Bedingt durch die letztlich noch unklare, sicher multifaktorielle Genese der Demenzen sollten Menschen mit Diabetes über ihr erhöhtes Risiko, aber auch über sinnvolle Maßnahmen zur Demenzprävention informiert werden. Während sich ein geringes Ausbildungsniveau als Risikofaktor nicht beeinflussen lässt, gibt es eine Reihe von anderen Bedingungen, die man ändern beziehungsweise behandeln kann.

Dazu zählen:

  • Diabetes mellitus
  • Übergewicht
  • Hypertonie
  • Depression
  • Bewegungsmangel
  • Rauchen

Und letztlich sind soziale Aktivitäten mit Freunden oder in Gruppen gut für die Seele - und das Gehirn. Durch einen gesunden Lebensstil und medizinische Vorsorge können laut Studie 45 Prozent der Demenzerkrankungen verzögert oder verhindert werden.

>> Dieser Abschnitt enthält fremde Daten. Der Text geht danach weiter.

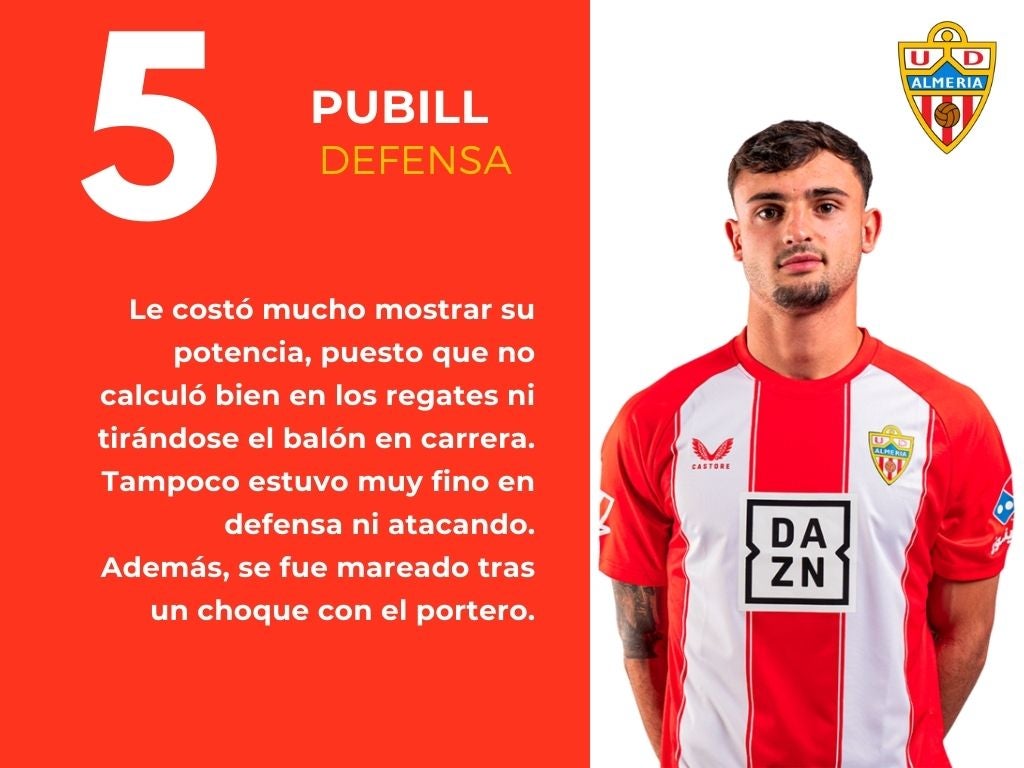 Las puntuaciones del Cartagena 1 - 2 Almería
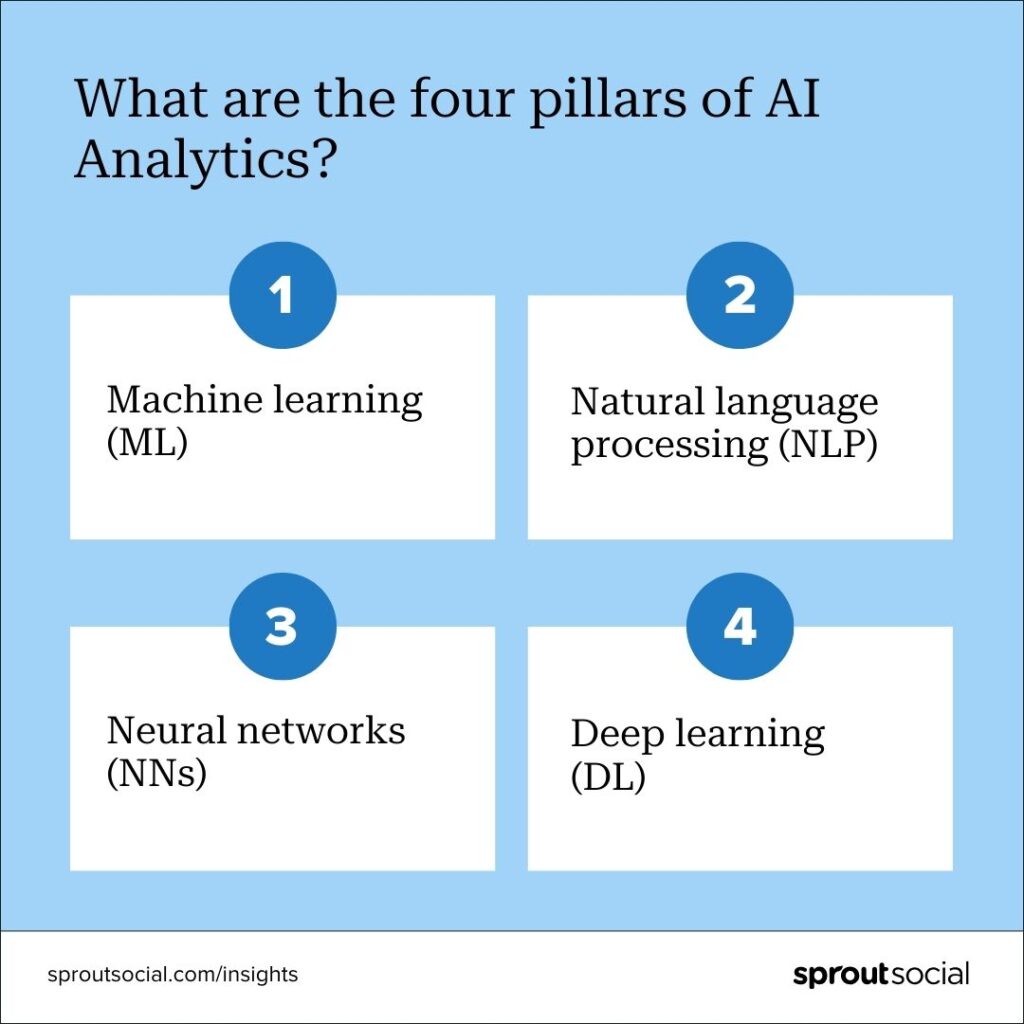 Card showcasing the four main pillars of AI analytics that help provide insights from data. These are machine learning, natural language processing, neural networks and deep learning.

Einsatz von Technologie zur Therapie

Besonders der Einsatz von Technologien, gerade der Virtuellen Realität (VR), wurde dabei stark diskutiert. Es gibt bereits zahlreiche Beispiele für den Einsatz von Technologien der VR zur Therapie bei älteren Personen mit körperlichen und kognitiven Einschränkungen.

Auswirkungen auf die Lebenserwartung

Eine australische Studie bestätigte, dass Demenz-kranke Menschen mit Diabetes früher sterben (im Schnitt 2.6 Jahre). Bei Diabetikern trat der Tod durchschnittlich 2,6 Jahre früher ein als bei Nicht-Diabetikern.